> _INSTRUCTIONS TO FOLLOW_: Look through the data below, tally the lines where "stone" occurs, and write the total alone.

> _GIVEN DATA_:
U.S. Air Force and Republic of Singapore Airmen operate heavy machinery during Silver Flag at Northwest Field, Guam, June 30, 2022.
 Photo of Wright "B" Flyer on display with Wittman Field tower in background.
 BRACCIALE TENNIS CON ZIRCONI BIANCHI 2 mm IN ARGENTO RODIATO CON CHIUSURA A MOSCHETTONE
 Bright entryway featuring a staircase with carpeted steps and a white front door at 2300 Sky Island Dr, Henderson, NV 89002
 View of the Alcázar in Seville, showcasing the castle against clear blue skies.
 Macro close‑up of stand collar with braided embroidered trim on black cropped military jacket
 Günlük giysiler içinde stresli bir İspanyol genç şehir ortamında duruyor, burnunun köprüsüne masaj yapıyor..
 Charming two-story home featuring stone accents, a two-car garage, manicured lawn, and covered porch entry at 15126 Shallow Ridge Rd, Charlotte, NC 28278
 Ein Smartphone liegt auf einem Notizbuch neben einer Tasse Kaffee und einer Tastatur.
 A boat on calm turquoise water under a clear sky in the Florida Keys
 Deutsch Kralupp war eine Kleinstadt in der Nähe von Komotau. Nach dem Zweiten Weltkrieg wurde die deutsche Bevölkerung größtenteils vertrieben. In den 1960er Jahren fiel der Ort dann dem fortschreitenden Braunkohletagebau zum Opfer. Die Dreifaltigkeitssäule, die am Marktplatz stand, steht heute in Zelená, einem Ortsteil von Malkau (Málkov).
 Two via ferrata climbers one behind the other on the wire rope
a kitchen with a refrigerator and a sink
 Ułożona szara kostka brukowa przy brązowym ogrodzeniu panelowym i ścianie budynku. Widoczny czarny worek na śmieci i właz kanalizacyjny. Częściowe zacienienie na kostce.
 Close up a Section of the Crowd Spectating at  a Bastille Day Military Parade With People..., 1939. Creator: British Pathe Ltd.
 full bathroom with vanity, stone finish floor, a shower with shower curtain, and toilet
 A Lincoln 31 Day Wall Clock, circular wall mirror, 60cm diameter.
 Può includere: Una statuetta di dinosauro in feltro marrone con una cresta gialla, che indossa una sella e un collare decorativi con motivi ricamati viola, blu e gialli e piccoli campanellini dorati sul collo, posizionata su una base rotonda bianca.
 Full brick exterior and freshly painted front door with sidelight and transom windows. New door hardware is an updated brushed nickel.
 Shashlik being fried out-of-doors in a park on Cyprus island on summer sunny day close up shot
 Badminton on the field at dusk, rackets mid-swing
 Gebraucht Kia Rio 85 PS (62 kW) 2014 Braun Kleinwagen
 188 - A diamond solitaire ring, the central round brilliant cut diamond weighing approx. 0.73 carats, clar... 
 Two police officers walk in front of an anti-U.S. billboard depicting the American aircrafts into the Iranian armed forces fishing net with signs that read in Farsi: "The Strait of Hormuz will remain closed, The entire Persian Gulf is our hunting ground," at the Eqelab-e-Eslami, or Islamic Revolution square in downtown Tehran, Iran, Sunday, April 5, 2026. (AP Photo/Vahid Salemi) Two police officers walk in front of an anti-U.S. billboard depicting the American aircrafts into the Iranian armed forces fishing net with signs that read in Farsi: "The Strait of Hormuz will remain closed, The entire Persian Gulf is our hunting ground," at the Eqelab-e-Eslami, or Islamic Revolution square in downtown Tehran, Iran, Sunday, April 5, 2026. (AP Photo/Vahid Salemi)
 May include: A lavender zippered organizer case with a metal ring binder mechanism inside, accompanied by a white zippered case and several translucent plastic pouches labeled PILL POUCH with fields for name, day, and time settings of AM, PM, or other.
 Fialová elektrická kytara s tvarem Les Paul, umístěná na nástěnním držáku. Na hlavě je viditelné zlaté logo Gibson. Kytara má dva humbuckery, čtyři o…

> _RESULT OF THIS EXERCISE_: 2